Some languages have an INTEGER data type; how much space it takes up may vary even with the compiler. In RPG, you define the integer as 10 bytes long, with 0 bytes to the right of the decimal point. RPG never cared (until relatively recently, when adding floating-point handling), whether a number was an INTEGER or a REAL; it was just a number. The number 10 was the same as 10.000000; it might have to do some fancy manipulation under the covers to add 10 and 10.000000, but the programmer doesn’t have to care what kind of numbers they are; he just adds them.

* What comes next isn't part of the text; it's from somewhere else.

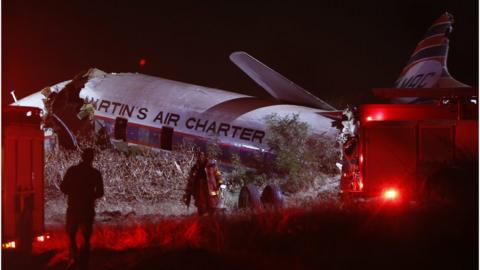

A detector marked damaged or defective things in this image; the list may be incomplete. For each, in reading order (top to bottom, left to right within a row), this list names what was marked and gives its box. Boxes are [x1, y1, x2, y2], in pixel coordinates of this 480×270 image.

crashed airplane [14, 13, 468, 165]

(By the way, in this blog I use “he” to designate both male and female; there is no good pronoun to designate both sexes with the same word in English. He/she or She/he is clumsy, and alternating the use of “he” and “she” is just silly. Anyone who can’t figure out that using “he” means both men and women here, based on longtime English usage, probably isn’t smart enough to be reading this blog anyway.)

When they take RPG from its roots, it becomes an attempt to transform it into a clone of another language- something that is not needed and in fact makes the language more clumsy and bloated with often no gain in function. Take, for example, the XFOOT operation above; and take total=%xfoot(arrayname) - please. All it accomplishes is to make it pretty for the general-purpose programmer who the compiler writer is trying to persuade to give RPG a try. I don’t think you would want to hire a programmer in any language who would find XFOOT ARRAYNAME TOTAL difficult to understand. I don’t see anybody trying to reformat COBOL to appeal to the exalted programmer of Java.

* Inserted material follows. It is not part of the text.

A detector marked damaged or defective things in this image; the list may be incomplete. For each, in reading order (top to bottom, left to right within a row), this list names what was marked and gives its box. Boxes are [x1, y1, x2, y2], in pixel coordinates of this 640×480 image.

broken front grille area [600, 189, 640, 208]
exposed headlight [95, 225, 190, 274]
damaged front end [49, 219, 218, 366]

COBOL has evolved over the years to become the pre-eminent business programming language, with even object orientation embodied in the latest COBOL standard. And yes, there is still new code being created in COBOL. One thing I found interesting is that they have managed to update COBOL without feeling under compulsion to make it look like Java. COBOL has a COMPUTE statement, just like RPG has an EVAL opcode; but no attempt has been made to create COBOL functions, to my knowledge. Why not? It’s not needed to perform business-type calculations; and I can’t see how it would avoid looking ugly. Evidently those in charge of the standard for COBOL recognize that, after all, you don’t write compilers in COBOL. If only the designers of RPG would respond in like fashion.

I came across a discussion of freeform RPG and why the author felt it is the way to go rather than the fixed format , old-style. I would like to analyze it in some depth, not to make fun of the author, but rather because his views are representative of those who think the way he does, and they are stated very concisely. (This may take several posts, so bear with me.)

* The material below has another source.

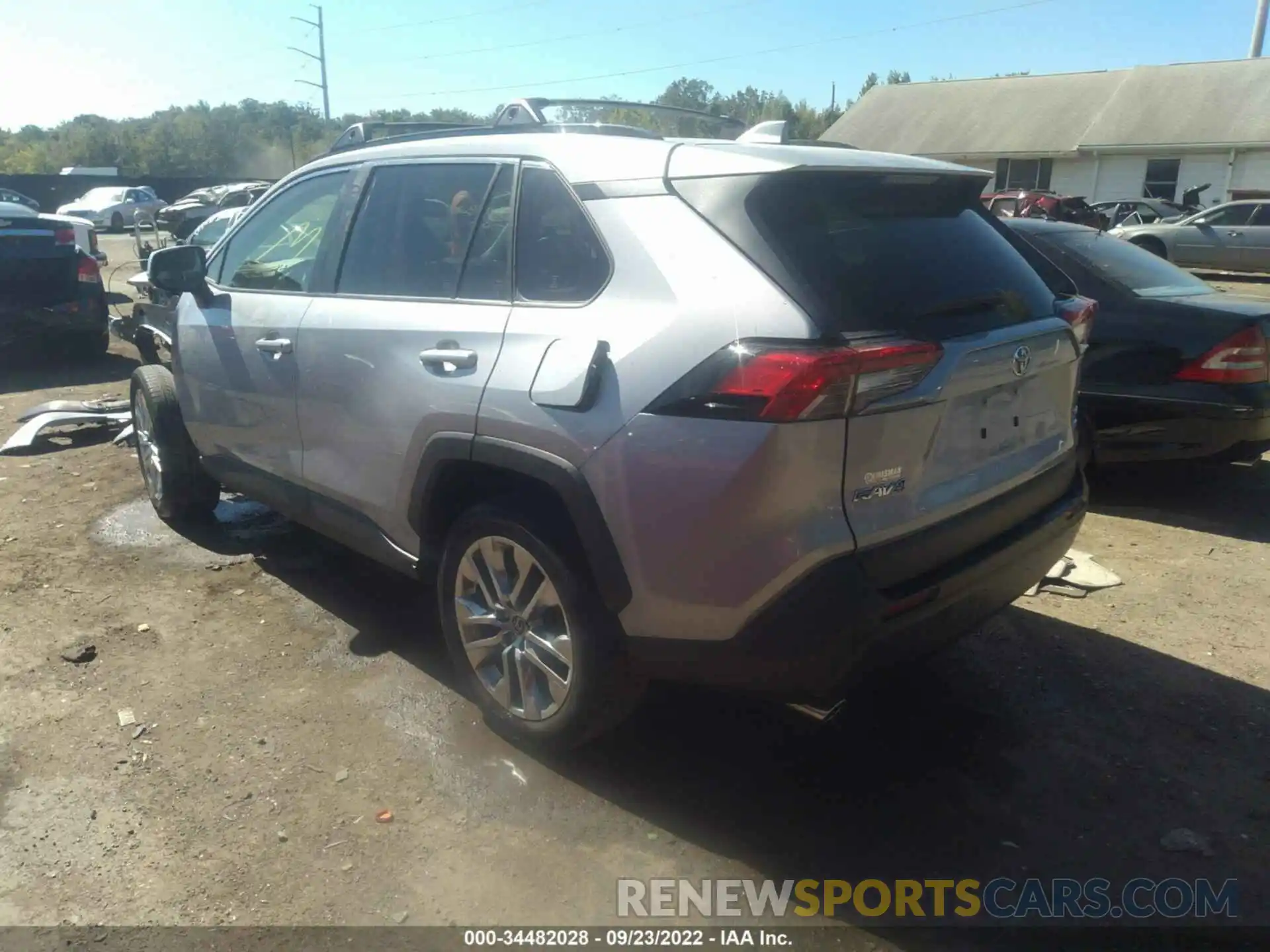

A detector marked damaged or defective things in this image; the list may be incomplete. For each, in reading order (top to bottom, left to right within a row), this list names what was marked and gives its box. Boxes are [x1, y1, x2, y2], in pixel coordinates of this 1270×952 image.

wrecked vehicle [0, 201, 110, 360]
wrecked vehicle [157, 180, 270, 238]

What is his reason number 4 for using RPG freeform?

“Calculation syntax now looks more like the intuitive mathematical-function-like syntax found in most other modern programming languages. No doubt the Factor1-OpCode-Factor2-Result sequence has some magical storied history, but at this point it should be considered sand on a beach that’s been washed away by common sense and better practice. If I can write intuitive code in Java or C or Perl I should be able to do the same thing in RPG.”

We will ignore the condescending reference to magical storied history and sand on the beach for the moment. and concentrate on other things first.

1. Is freeform, whether in RPG or other languages, INTUITIVE?

Well, what is “intuitive”? According to the Webster’s On line Dictionary:”1 a: known or perceived by intuition : directly apprehended <had an intuitive awareness of his sister’s feelings> b: knowable by intuition <intuitive truths> c: based on or agreeing with intuition <intuitive responses> <makes intuitive sense> d: readily learned or understood <software with an intuitive interface> .

And what is intuition? “1: quick and ready insight 2 a: immediate apprehension or cognition b: knowledge or conviction gained by intuition c: the power or faculty of attaining to direct knowledge or cognition without evident rational thought and inference.”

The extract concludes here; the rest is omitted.